HPE Q4 results see edge-to-cloud highs, and AI lows

antonio_neri | HPE

HPE has closed 2022 with its second-highest quarterly revenue on record, as the company’s edge-to-cloud portfolio drives significant return. Revenue this quarter was $7.9bn, up seven percent from the previous year-period and up 12 percent at adjusted currency. Total revenue for the year was $28.5bn, up three percent from the previous year and 5 percent at adjusted currency.

Intelligent Edge is the highest performing sectors for HPE, with revenues of $965m, up 18 percent from the same period last year and up 23 percent when adjusted for currency.
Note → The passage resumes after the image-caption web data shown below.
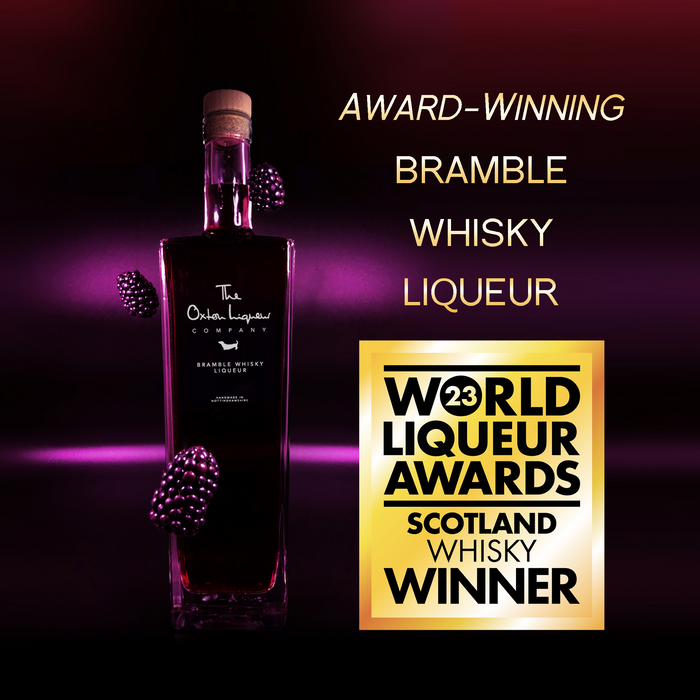 Bramble Whisky - voted Best Scottish Whisky Liqueur 2023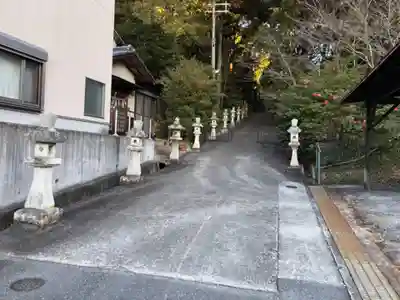 中臣印達神社のその他建物
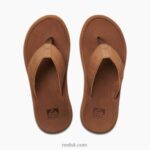 Brown 2286N351 Leather Santa Ana Reef Men - Image 3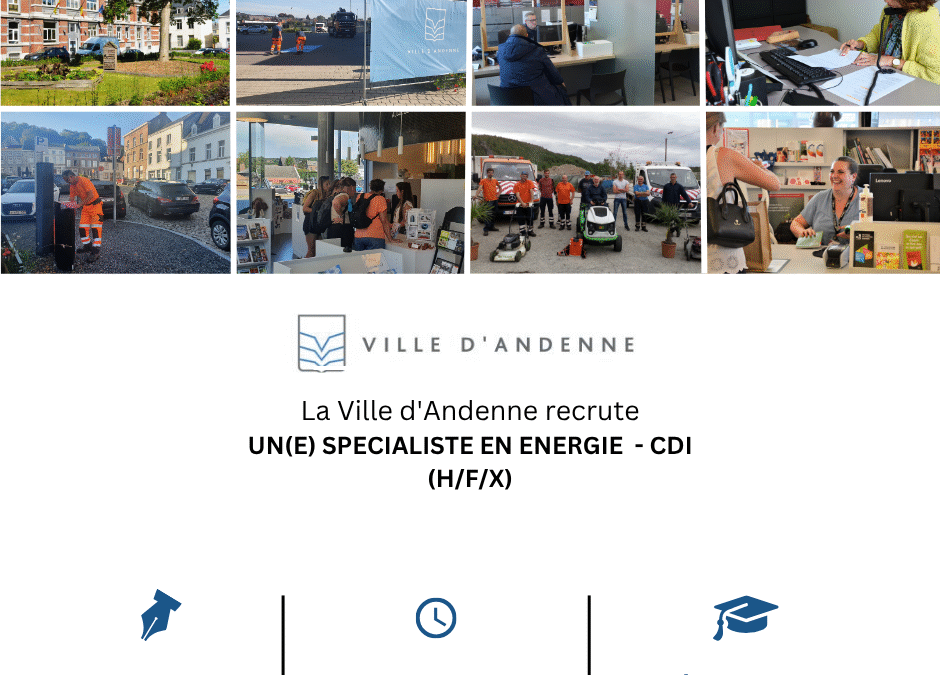 Emploi : un spécialiste en énergie pour le Service Technique (H/F/X) – CDI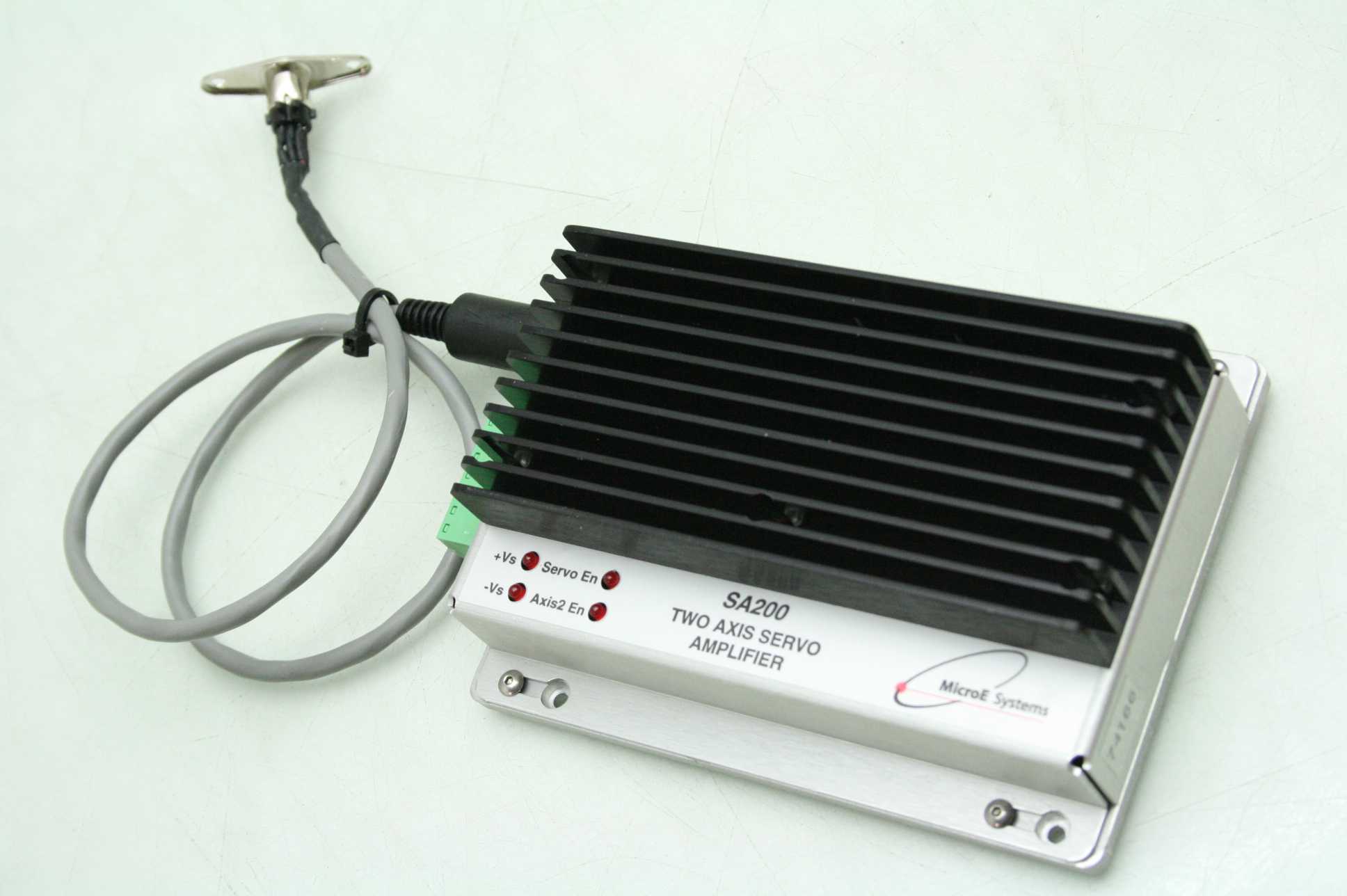 MicroE Systems SA200 Two Axis Servo Amplifier for Positioning Systems 1-20kHz - Used - Image 9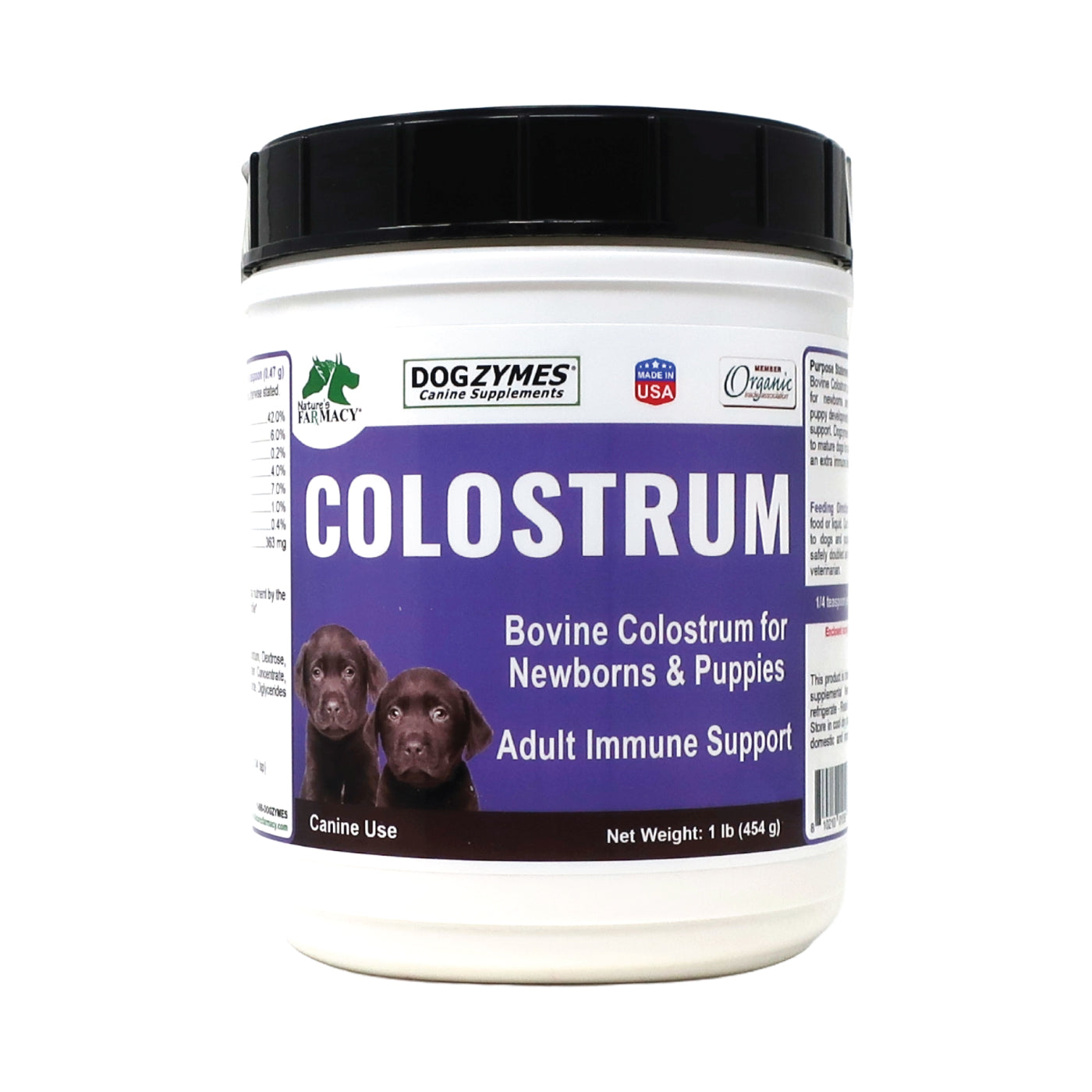 Dogzymes Colostrum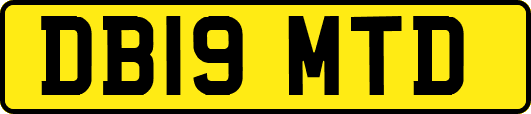DB19MTD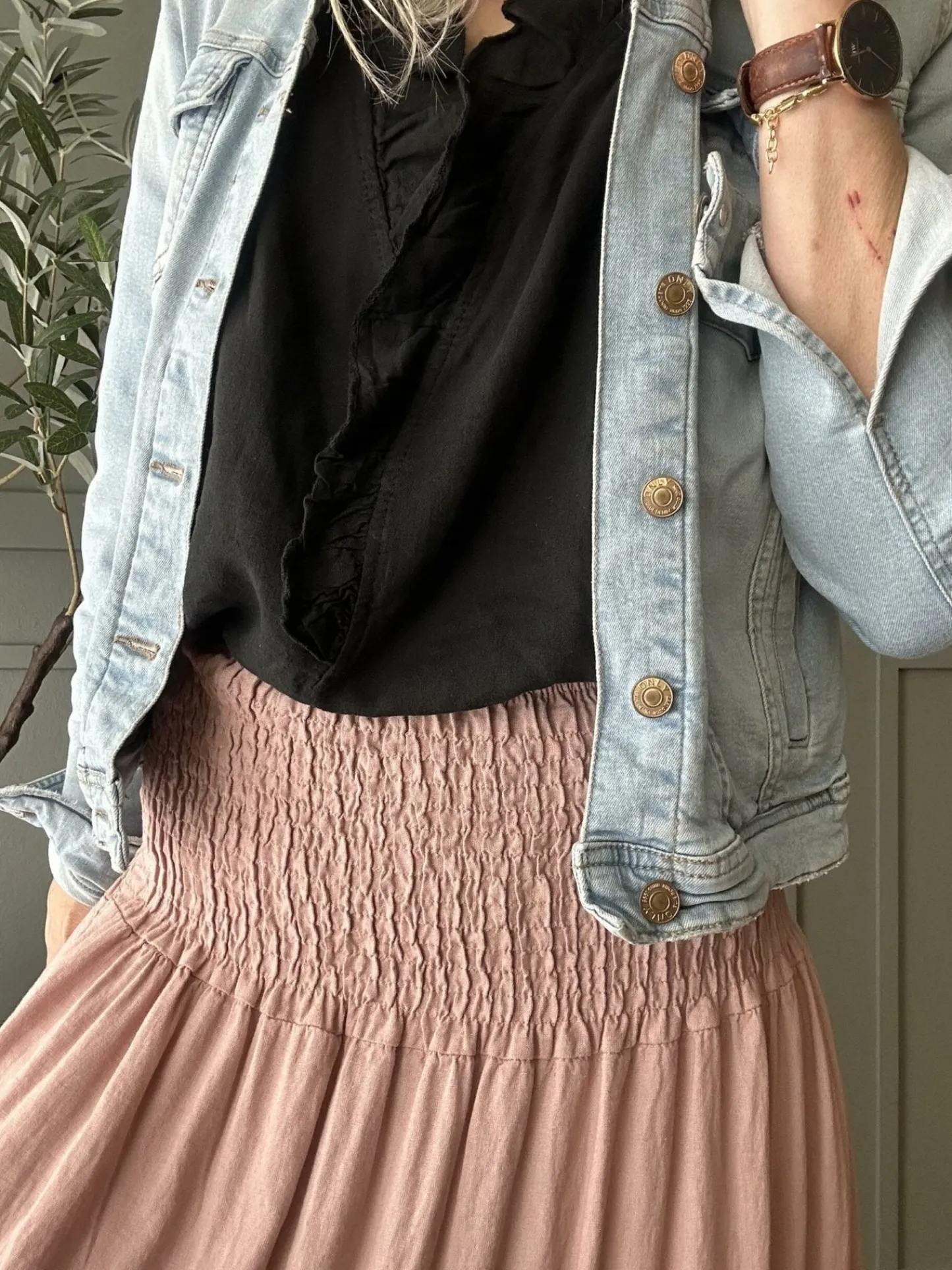 VIAMAJA Nederdel – Rosa Blush Best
In addition, intelligent-Edge-as-a-Service ARR was up 70 percent from the prior year period.

Compute revenue was up 16 percent from the prior year period and 22 percent at adjusted currency, bringing in a revenue of $3.7bn. The expansion was driven more by product mix and strategic pricing than offsetting input cost increases.

Storage revenue provided another rise in the quarter, adding $1.3bn to the numbers, which was a result of a richer mix of owned-IP revenue. Financial services revenue remained flat at $857m, and high performing computer and AI (HPC and AI) revenue dropped to $862m, down from 14 percent from the same period last year.

HPE is anticipating revenues of up to $7.6bn in Q1 2023 and has committed to at least $500m in share buybacks in fiscal 2023. A regular cash dividend of $0.12 per share to be paid out in January 2023 was announced.

Antonio Neri, president, and CEO of HPE said: “HPE had an impressive fourth quarter, generating an outstanding performance across our key performance metrics. The strength of our culture and commitment of our team members this quarter and throughout the entire 2022 fiscal year enabled us to innovate and take bold actions to pivot our portfolio and bolster our financial position as we head into 2023.”

Tarek Robbiati, EVP and CFO of HPE, said: “These results would not have been possible without the strategic actions we have taken. We are now entering a very different phase of the company, one where the combination of our rightsized cost structure and substantial order book is expected to deliver profitable growth that is increasingly recurring at higher margins as our as-a-service transformation continues to unfold.”